Could you confirm or clarify the crux? Your messages felt ambiguous to me. In what specific way is A false?
- Davidmanheim 27 May 2025 6:21 UTC
  LW: 6 AF: 3
  0
  AF Parent
  To pursue their values, humans should be able to reason about them. To form preferences about a thing, humans should be able to consider the thing. Therefore, human ability to comprehend should limit what humans can care about.
  
  You’re conflating can and should! I agree that it would be ideal if this were the case, but am skeptical it is. That’s what I meant when I said I think A is false.
  If learning values is possible at all, there should be some simplicity biases which help to learn them. Wouldn’t it be strange if those simplicity biases were absolutely unrelated to simplicity biases of human cognition?
  That’s a very big “if”! And simplicity priors are made questionable, if not refuted, by the fact that we haven’t gotten any convergence about human values despite millennia of philosophy trying to build such an explanation.
  You define “values” as ~”the decisions humans would converge to after becoming arbitrarily more knowledgeable”.
  No, I think it’s what humans actually pursue today when given the options. I’m not convinced that these values are static, or coherent, much less that we would in fact converge.
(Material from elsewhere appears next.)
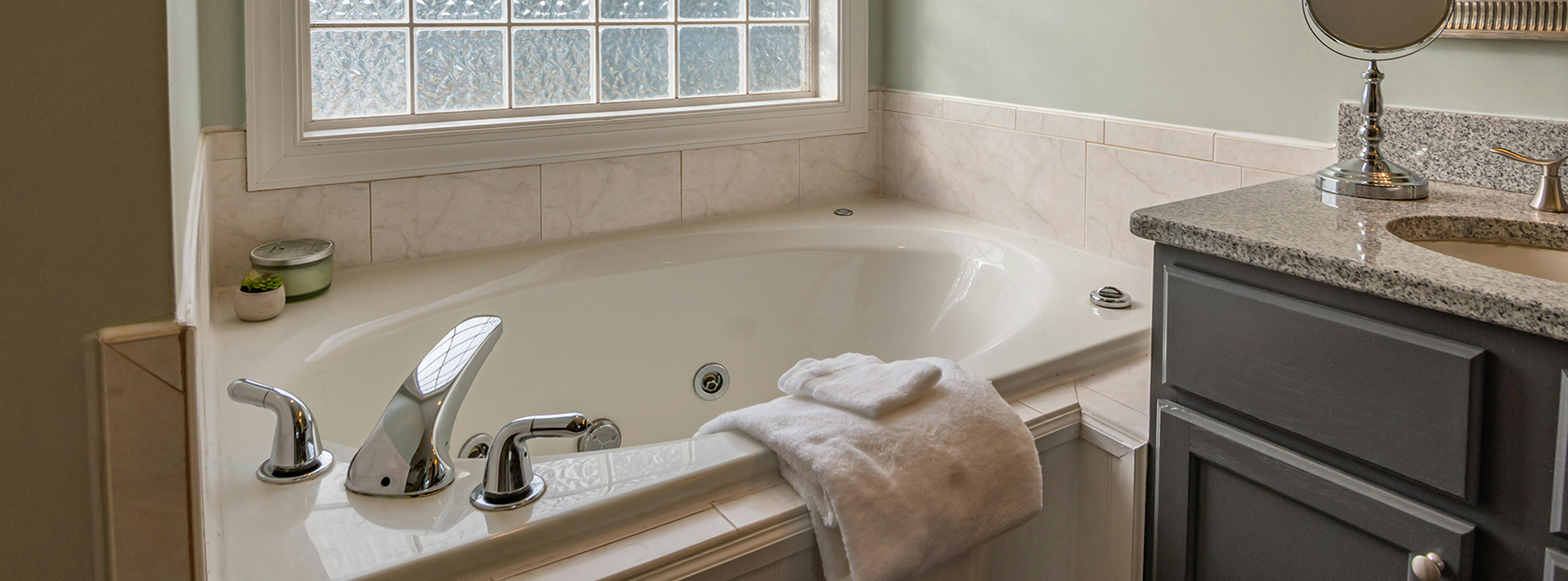 Shower Room -Shower Room pexels curtis adams 1694007 3288104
  You say that values depend on inscrutable brain machinery. But can’t we treat the machinery as a part of “human ability to comprehend”?
  No, because we don’t comprehend them, we just evaluate what we want locally using the machinery directly, and make choices based on that. (Then we apply pretty-sounding but ultimately post-hoc reasoning to explain it—as I tweeted partly thinking about this conversation.)
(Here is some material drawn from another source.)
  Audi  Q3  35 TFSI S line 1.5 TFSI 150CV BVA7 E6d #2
  - Q Home 27 May 2025 8:17 UTC
    1 point
    0
    Parent
    Thanks for clarifying! Even if I still don’t fully understand your position, I now see where you’re coming from.
    No, I think it’s what humans actually pursue today when given the options. I’m not convinced that these values are static, or coherent, much less that we would in fact converge.
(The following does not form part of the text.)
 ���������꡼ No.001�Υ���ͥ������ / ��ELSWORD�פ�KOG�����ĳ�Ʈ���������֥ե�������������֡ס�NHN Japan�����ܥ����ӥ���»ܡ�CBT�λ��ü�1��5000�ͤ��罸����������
    Then those values/motivations should be limited by the complexity of human cognition, since they’re produced by it. Isn’t that trivially true? I agree that values can be incoherent, fluid, and not converging to anything. But building Task AGI doesn’t require building an AGI which learns coherent human values. It “merely” requires an AGI which doesn’t affect human values in large and unintended ways.
    No, because we don’t comprehend them, we just evaluate what we want locally using the machinery directly, and make choices based on that.
    This feels like arguing over definitions. If you have an oracle for solving certain problems, this oracle can be defined as a part of your problem-solving ability. Even if it’s not transparent compared to your other problem-solving abilities. Similarly, the machinery which calculates a complicated function from sensory inputs to judgements (e.g. from Mona Lisa to “this is beautiful”) can be defined as a part of our comprehension ability. Yes, humans don’t know (1) the internals of the machinery or (2) some properties of the function it calculates — but I think you haven’t given an example of how human values depend on knowledge of 1 or 2. You gave an example of how human values depend on the maxima of the function (e.g. the desire to find the most delicious food), but that function having maxima is not an unknown property, it’s a trivial property (some foods are worse than others, therefore some foods have the best taste).
    That’s a very big “if”! And simplicity priors are made questionable, if not refuted, by the fact that we haven’t gotten any convergence about human values despite millennia of philosophy trying to build such an explanation.
    I agree that ambitious value learning is a big “if”. But Task AGI doesn’t require it.